Projection to LinkML

The acquisition boundary is a LAMBDA profile decision, not a built-in RO-Crate term and not a current LinkML class. Today it projects through Sample, ExperimentRun, DataFile, and association tables.

Concrete JSON-LD

Workflow provenance is a first-class part of the crate

Derived products should be linked to the action that made them, the inputs it used, and the software context needed to interpret them.

CreateAction for integration

{
  "@id": "#workflow-xds-integration-001",
  "@type": ["CreateAction", "lambda:WorkflowRun"],
  "name": "XDS integration for Crystal A1",
  "lambda:workflow_code": "XDS-INTEGRATE-001",
  "lambda:workflow_type": "integration",
  "lambda:software_name": "XDS",
  "lambda:software_version": "2024.1",
  "object": [
    { "@id": "#acquisition-crystal-a1" },
    { "@id": "images/scan_0001.cbf" }
  ],
  "instrument": [
    { "@id": "#als-831-detector" },
    { "@id": "#xds-2024.1" }
  ],
  "result": [
    { "@id": "process/xds/INTEGRATE.HKL" },
    { "@id": "process/xds/CORRECT.LP" }
  ],
  "lambda:started_at": "2026-05-21T18:23:12Z",
  "lambda:completed_at": "2026-05-21T18:31:44Z"
}

Software and product entities

{
  "@id": "#xds-2024.1",
  "@type": "SoftwareApplication",
  "name": "XDS",
  "softwareVersion": "2024.1"
},
{
  "@id": "process/xds/INTEGRATE.HKL",
  "@type": "File",
  "encodingFormat": "chemical/x-hkl",
  "contentSize": "3224981",
  "sha256": "ee31...9a7c",
  "isBasedOn": { "@id": "#acquisition-crystal-a1" }
}

Profile strategy

Small core, targeted extensions

Profiles should express validation commitments. They should not mirror every technique, beamline, or directory convention by default.

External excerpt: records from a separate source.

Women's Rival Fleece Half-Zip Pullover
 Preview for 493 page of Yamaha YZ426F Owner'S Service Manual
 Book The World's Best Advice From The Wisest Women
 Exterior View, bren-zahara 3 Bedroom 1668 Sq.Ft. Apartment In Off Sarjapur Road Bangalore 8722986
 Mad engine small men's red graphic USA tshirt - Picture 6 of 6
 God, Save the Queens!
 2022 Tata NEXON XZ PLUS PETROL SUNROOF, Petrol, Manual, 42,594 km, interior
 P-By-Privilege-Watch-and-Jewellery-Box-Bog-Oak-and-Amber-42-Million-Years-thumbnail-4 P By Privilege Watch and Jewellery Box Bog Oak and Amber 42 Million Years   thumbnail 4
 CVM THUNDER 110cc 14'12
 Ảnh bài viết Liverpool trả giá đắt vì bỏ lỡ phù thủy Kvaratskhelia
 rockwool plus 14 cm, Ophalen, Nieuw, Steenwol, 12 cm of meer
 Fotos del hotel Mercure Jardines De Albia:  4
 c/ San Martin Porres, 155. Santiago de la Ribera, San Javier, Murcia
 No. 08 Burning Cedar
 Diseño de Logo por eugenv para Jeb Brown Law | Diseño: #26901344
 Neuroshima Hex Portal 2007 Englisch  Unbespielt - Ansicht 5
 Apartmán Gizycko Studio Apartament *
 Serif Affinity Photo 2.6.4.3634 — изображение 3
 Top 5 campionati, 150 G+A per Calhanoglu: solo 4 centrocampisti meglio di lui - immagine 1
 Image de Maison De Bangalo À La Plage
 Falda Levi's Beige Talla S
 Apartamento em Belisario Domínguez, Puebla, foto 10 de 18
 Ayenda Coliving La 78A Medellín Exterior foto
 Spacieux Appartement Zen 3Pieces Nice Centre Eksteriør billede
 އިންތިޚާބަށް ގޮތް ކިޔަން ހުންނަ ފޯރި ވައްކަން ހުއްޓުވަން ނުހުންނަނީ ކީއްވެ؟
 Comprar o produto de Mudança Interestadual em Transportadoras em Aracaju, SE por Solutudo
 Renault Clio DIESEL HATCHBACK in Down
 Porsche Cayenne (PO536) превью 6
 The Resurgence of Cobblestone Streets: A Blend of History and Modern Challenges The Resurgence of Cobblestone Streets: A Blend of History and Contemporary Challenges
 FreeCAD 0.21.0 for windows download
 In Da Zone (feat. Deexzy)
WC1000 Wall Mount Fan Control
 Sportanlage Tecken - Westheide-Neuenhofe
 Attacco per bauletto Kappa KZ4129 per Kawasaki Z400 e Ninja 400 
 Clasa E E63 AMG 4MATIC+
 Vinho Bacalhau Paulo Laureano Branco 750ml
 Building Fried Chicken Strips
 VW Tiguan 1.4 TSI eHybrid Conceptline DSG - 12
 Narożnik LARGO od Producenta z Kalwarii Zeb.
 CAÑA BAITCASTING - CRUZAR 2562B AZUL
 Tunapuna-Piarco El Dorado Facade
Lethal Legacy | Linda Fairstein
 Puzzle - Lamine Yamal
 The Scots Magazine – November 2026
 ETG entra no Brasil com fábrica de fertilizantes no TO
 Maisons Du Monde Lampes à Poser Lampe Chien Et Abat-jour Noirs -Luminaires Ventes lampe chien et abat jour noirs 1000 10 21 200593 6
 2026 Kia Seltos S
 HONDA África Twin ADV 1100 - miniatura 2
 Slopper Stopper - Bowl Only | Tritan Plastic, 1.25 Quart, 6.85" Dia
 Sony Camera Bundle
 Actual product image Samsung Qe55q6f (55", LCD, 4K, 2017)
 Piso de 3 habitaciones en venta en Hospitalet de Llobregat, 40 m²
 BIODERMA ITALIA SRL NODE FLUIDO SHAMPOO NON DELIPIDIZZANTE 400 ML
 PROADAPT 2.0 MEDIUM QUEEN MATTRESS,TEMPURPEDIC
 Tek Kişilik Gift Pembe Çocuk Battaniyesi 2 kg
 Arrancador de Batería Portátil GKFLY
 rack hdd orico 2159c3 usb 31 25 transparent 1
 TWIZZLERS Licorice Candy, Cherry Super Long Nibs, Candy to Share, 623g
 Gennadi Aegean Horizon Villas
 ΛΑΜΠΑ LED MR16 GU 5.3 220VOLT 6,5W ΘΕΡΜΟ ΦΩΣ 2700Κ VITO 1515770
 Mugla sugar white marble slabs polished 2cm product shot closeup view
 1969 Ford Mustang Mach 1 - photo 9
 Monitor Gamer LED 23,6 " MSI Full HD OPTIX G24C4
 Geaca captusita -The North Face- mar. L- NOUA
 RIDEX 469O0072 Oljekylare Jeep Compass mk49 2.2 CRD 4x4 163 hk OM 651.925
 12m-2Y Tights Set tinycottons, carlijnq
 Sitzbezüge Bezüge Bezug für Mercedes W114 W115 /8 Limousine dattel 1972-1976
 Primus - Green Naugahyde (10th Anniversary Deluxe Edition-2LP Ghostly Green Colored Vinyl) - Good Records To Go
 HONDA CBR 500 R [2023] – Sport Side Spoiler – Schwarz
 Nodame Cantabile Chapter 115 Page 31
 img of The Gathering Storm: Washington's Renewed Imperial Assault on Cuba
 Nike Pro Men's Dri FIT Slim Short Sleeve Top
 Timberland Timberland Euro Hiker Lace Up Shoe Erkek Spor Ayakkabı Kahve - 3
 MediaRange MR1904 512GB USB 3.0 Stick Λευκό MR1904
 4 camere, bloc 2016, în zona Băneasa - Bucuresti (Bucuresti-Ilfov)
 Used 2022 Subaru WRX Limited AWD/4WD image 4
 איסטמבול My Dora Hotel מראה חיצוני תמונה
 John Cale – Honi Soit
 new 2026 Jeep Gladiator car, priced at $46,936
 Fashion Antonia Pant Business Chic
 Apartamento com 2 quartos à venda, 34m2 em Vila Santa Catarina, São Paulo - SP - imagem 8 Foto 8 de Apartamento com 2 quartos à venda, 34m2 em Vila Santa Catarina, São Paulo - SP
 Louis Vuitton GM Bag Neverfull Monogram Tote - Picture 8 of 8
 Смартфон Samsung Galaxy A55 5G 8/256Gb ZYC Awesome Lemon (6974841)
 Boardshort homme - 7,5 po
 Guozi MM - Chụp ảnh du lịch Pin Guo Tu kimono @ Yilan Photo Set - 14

RO-Crate + schema.org + JSON-LD base interoperability and linked-data semantics LAMBDA Core Profile Experiment, acquisition datasets, files, products, workflows, instruments, software Projection Profile rules for LinkML, relational, graph, and file-package views MX first pilot CryoEM later extension SAXS / SANS later extension Facility overlays: ALS, NSLS-II, BioCAT, local beamline terms

Boundary rule

Do not make a profile just because a dataset has a name

A profile is worth maintaining when it changes validation, identity, graph shape, or round-trip behavior. Otherwise it belongs in controlled terms, facility overlays, or examples.

YCreate a profile when

  • required entities or relationships differ
  • quality rules or cardinalities are technique-specific
  • external standards must be referenced directly
  • converters need stable round-trip guarantees

NKeep it out when

  • only file names, folder names, or beamline labels differ
  • a local acronym can be modeled as a term
  • the same core graph already validates correctly
  • the extension would duplicate facility metadata

Holder and logistics vocabulary belongs in MX or facility overlays. LAMBDA Core should capture the stable relationship: specimen unit, acquired data, workflow outputs, and provenance.

MX first

Macromolecular crystallography is a good pilot

  • Acquisition has a crisp specimen unit: a mounted crystal or related holder context.
  • Diffraction image sets, integration outputs, scaling outputs, models, and reports form a clear product chain.
  • Existing domain standards give us names to align with, including PDBx/mmCIF concepts.
  • It tests whether LAMBDA Core can stay neutral while still being useful.
mounted crystal context diffraction image set beamline detector, energy integration workflow run products reflections, model, report

MX profile sketch

Technique extension on top of LAMBDA Core

MXExperiment LAMBDA Experiment + MX constraints CrystalMount Dataset loop, puck, cassette, holder terms Diffraction Image Set CBF, HDF5, Eiger, detector metadata Specimen Context sample, crystallization, cryoprotection Integration / Scaling Run CreateAction, software, parameters MX Products MTZ, mmCIF, map, validation report Deposition / Archive Projection about hasPart describes result uses

Conformance

Validation should be layered, not monolithic

Each layer answers a different question. That makes failures actionable and keeps LAMBDA Core from absorbing every local rule.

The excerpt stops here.